Conservation Concerns: The Care of Medieval Manuscripts

here is extensive flaking and loss of the paint layer in this 12th century Byzantine manuscript

There is extensive flaking and loss of the paint layer in this 12th century Byzantine manuscript. Image courtesy of the Bodleian Library, The University of Oxford

The most common conservation issue related to the care and preservation of medieval manuscripts—such as the pages from the Winchester Bible, on view in the exhibition The Winchester Bible: A Masterpiece of Medieval Art through March 8—is the loss of cohesion in the paint layer. Most often, flaking paint is due to the dehydration of the binding vehicle used in the original mixing of the paint.

Throughout the Middle Ages and during the fourteenth and fifteenth centuries, lead white was the principle white pigment used in manuscript illustration. Unsurpassed for its opacity and covering power, it was essential to the medieval manuscript palette, and large areas of paintings are composed of pure lead white or mixtures thereof.

Figure 2. Lead white is the fundamental component in creating flesh or skin tones. This thirteenth century manuscript has extensive losses of white paint, exposing the black ink underdrawing. Manuscript Leaf with the Crucifixion, from a Missal (detail), ca 1270–80. Paris, France. Tempera and gold on parchment; Overall (folio): 8 3/4 x 5 7/8in. (22.2 x 14.9cm) Mat: 19 1/4 x 14 3/16 in. (48.9 x 36.1 cm). The Metropolitan Museum of Art, New York, Purchase, Bequest of Thomas W. Lamont, by exchange, 1981 (1981.322)
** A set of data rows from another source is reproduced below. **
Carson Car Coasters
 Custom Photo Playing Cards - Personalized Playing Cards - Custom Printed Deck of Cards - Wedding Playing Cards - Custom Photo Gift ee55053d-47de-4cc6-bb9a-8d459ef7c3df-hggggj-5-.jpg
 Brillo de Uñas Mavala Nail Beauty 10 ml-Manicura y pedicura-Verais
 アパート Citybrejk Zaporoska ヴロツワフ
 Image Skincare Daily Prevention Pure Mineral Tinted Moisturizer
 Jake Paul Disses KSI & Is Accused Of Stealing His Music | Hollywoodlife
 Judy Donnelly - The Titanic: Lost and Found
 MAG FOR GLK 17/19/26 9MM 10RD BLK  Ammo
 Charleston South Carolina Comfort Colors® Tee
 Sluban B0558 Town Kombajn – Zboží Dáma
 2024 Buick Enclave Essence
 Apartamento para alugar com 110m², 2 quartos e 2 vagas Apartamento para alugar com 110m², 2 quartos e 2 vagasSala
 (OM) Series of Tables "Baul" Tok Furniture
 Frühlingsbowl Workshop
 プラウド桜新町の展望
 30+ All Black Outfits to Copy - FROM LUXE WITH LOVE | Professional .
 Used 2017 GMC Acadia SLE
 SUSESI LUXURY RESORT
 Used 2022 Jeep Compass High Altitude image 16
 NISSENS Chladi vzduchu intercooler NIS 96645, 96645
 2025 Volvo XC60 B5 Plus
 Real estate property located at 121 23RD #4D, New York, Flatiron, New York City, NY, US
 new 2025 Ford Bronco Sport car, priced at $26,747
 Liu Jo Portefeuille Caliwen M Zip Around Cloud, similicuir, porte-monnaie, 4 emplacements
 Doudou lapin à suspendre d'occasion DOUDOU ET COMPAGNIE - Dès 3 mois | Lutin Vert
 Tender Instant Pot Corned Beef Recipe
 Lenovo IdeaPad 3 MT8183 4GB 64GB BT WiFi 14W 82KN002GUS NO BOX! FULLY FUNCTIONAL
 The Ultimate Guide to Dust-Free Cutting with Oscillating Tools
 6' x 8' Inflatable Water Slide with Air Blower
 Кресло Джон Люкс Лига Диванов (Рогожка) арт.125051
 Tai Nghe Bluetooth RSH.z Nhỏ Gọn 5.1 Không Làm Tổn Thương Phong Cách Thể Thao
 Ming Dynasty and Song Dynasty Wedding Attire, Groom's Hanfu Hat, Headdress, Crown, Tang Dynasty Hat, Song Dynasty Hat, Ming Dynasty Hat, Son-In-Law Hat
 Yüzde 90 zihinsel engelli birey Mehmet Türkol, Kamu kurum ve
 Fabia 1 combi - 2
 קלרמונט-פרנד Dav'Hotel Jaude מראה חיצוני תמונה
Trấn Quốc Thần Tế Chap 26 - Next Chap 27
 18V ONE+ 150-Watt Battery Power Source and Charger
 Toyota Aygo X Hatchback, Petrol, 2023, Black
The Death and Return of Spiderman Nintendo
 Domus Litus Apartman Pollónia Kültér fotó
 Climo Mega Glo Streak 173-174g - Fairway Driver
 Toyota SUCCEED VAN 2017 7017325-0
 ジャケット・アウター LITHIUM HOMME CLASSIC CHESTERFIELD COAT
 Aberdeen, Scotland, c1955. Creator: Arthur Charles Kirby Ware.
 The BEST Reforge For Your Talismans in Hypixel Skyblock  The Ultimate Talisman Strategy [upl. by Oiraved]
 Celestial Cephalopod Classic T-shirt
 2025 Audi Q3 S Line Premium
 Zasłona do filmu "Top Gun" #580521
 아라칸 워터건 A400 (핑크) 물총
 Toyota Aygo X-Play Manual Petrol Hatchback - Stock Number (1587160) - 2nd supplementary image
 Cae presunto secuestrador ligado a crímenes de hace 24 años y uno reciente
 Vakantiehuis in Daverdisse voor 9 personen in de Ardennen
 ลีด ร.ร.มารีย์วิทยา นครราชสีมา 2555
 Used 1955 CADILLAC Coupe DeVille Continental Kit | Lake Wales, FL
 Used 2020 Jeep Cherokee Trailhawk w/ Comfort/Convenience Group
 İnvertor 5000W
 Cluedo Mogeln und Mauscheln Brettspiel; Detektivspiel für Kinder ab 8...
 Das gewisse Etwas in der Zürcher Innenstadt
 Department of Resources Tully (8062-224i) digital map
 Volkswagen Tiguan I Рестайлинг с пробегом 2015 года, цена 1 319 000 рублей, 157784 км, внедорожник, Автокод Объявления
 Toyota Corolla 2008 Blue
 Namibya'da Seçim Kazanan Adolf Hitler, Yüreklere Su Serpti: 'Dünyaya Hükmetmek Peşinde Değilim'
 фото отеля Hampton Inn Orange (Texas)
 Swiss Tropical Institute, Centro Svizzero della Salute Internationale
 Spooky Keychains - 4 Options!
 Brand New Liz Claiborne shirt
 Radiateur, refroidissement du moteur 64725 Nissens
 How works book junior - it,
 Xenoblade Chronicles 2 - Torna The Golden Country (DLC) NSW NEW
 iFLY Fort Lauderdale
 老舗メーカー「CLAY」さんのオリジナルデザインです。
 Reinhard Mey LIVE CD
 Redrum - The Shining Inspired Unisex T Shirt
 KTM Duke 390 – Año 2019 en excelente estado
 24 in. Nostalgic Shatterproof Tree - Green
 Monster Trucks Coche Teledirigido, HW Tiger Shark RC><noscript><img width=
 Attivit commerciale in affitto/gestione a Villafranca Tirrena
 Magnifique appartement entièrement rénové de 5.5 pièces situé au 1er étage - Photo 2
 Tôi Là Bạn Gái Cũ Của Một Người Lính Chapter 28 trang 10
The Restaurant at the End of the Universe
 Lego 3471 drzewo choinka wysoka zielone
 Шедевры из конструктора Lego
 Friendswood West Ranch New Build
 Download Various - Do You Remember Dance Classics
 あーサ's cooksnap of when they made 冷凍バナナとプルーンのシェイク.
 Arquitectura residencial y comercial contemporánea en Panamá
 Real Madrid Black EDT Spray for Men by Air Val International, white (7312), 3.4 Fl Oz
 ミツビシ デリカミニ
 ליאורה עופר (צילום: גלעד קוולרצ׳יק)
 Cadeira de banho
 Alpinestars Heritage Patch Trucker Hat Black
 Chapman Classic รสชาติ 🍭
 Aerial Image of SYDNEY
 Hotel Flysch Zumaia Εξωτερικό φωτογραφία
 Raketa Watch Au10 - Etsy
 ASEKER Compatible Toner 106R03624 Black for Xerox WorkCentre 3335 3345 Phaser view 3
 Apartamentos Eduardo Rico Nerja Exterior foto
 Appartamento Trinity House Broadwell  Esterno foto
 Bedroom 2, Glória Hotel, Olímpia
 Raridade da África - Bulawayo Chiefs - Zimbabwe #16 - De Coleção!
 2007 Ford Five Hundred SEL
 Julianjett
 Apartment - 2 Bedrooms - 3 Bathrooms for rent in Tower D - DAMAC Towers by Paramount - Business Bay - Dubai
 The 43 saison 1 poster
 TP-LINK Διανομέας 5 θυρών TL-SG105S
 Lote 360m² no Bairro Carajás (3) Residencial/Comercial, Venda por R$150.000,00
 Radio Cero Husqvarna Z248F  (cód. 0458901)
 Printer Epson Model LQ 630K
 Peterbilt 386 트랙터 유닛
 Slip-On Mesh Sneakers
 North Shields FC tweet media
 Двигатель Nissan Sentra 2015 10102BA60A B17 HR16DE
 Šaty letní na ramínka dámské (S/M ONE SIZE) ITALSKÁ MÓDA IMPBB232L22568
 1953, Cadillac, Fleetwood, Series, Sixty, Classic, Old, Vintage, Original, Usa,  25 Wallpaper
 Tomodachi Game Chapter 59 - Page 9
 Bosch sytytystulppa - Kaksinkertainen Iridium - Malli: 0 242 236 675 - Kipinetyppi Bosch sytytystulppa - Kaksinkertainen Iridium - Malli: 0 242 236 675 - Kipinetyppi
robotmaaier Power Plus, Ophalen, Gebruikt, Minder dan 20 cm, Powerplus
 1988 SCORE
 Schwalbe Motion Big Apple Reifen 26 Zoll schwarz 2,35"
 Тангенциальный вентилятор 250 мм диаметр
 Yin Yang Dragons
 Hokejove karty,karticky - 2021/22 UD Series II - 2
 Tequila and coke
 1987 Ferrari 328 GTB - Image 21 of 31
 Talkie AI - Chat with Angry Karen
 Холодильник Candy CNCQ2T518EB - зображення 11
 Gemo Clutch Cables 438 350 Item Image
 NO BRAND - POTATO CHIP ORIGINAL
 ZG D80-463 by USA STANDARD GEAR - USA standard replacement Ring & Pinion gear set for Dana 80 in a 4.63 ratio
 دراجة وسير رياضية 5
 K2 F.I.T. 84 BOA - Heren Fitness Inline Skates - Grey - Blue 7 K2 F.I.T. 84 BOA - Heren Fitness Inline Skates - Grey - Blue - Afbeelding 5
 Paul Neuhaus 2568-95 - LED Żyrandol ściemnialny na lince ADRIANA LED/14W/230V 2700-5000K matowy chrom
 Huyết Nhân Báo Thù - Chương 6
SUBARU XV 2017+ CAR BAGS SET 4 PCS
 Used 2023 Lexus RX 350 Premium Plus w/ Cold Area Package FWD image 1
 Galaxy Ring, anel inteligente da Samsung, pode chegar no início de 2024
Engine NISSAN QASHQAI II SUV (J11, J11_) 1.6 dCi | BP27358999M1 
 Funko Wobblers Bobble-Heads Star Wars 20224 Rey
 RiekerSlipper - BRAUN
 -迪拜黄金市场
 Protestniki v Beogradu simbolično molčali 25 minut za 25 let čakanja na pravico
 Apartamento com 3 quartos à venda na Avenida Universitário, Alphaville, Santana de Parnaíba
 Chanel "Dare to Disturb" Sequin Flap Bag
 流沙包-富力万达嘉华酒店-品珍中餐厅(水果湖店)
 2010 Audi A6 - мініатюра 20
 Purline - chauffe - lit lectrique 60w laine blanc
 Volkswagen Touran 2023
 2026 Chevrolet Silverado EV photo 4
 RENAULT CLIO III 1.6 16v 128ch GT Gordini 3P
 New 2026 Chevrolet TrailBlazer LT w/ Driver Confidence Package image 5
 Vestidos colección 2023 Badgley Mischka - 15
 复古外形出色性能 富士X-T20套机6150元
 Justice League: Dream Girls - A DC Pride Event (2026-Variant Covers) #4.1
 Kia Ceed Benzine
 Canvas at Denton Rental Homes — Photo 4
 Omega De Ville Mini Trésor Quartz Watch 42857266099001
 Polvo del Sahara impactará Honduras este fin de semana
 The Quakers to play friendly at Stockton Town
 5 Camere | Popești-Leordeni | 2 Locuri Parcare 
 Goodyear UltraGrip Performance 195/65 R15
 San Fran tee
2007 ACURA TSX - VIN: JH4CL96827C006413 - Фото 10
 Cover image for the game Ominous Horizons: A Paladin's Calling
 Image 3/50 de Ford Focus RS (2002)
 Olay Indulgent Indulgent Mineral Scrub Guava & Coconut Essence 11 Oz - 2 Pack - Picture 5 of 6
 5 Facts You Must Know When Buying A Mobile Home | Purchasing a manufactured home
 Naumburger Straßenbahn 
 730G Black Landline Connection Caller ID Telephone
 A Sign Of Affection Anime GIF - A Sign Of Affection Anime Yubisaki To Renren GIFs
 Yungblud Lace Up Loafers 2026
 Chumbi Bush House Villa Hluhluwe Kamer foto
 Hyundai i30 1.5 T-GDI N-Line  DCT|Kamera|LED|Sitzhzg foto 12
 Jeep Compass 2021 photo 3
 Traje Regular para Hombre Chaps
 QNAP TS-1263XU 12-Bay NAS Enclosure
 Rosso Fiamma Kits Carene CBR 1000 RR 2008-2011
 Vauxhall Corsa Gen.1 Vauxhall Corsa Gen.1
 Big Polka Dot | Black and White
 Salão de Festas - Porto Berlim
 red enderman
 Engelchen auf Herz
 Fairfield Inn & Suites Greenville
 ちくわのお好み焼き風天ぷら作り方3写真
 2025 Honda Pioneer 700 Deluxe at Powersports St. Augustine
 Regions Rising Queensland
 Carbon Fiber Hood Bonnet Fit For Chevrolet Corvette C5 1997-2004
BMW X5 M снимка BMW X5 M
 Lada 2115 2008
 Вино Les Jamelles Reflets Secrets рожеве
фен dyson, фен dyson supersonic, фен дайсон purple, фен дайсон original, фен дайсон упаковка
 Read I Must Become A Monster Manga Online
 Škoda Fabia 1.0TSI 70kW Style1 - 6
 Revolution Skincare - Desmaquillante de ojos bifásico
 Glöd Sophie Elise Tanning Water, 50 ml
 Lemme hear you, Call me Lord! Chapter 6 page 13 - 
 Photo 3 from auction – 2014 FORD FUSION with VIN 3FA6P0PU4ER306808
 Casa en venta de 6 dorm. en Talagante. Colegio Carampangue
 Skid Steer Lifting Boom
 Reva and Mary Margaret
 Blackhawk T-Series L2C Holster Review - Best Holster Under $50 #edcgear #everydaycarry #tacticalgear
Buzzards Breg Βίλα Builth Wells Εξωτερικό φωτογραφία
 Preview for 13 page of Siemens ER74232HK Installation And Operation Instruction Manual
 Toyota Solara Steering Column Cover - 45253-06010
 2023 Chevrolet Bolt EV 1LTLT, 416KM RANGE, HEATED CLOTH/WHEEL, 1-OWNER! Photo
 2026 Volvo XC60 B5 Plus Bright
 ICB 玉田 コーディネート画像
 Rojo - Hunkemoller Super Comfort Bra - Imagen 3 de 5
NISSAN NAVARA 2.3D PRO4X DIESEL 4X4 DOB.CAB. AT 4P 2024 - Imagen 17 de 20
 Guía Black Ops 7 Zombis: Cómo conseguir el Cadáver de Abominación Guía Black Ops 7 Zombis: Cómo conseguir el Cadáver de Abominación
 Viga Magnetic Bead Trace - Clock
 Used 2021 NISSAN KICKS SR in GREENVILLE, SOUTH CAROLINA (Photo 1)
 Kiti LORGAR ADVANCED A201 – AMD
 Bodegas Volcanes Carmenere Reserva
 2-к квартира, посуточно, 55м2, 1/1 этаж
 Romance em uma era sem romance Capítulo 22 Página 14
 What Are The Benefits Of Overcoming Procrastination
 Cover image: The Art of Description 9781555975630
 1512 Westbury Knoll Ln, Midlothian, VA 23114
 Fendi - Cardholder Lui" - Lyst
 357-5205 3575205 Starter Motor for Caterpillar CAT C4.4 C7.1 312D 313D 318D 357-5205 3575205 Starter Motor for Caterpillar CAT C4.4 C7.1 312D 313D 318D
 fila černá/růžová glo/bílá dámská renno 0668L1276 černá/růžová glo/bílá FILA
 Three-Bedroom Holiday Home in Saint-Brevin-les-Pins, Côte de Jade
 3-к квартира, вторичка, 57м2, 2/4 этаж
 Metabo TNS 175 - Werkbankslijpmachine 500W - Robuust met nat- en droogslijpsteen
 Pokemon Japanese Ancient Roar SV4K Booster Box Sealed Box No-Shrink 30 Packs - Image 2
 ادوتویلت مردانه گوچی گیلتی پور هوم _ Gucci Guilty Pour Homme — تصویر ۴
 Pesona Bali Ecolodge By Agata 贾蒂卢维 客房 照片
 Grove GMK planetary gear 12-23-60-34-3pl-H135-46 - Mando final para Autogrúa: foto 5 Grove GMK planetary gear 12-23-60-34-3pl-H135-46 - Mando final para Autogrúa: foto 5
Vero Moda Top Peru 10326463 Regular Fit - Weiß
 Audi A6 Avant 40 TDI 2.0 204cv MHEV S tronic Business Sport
Lead white is the fundamental component in creating flesh or skin tones. This thirteenth-century manuscript has extensive losses of white paint, exposing the black ink underdrawing. Manuscript Leaf with the Crucifixion, from a Missal (details), ca. 1270–80. Paris, France. Tempera and gold on parchment; Overall (folio): 8 3/4 x 5 7/8 in. (22.2 x 14.9 cm) Mat: 19 1/4 x 14 3/16 in. (48.9 x 36.1 cm). The Metropolitan Museum of Art, New York, Purchase, Bequest of Thomas W. Lamont, by exchange, 1981 (1981.322)

Lead white is not without its shortcomings, however. It is a complex chemical compound of basic lead carbonate, (PbCO3)2•Pb(OH)2 . Used since antiquity, it is synthetically prepared by exposing metallic lead to acetic acid vapor. Partly due to its method of manufacture, lead white forms a brittle paint film when bound with gum or glair and it is therefore very prone to flaking and tenting (the delamination of the paint into an upward pattern resembling the peaked top of a tent), especially in a bound manuscript where the leaves are subject to considerable flexing. Once a fracture or loss in the paint layer occurs, the surrounding area becomes extremely vulnerable and susceptible to increased damage. It can also cause considerable loss of integrity and permanence to the paint layer itself.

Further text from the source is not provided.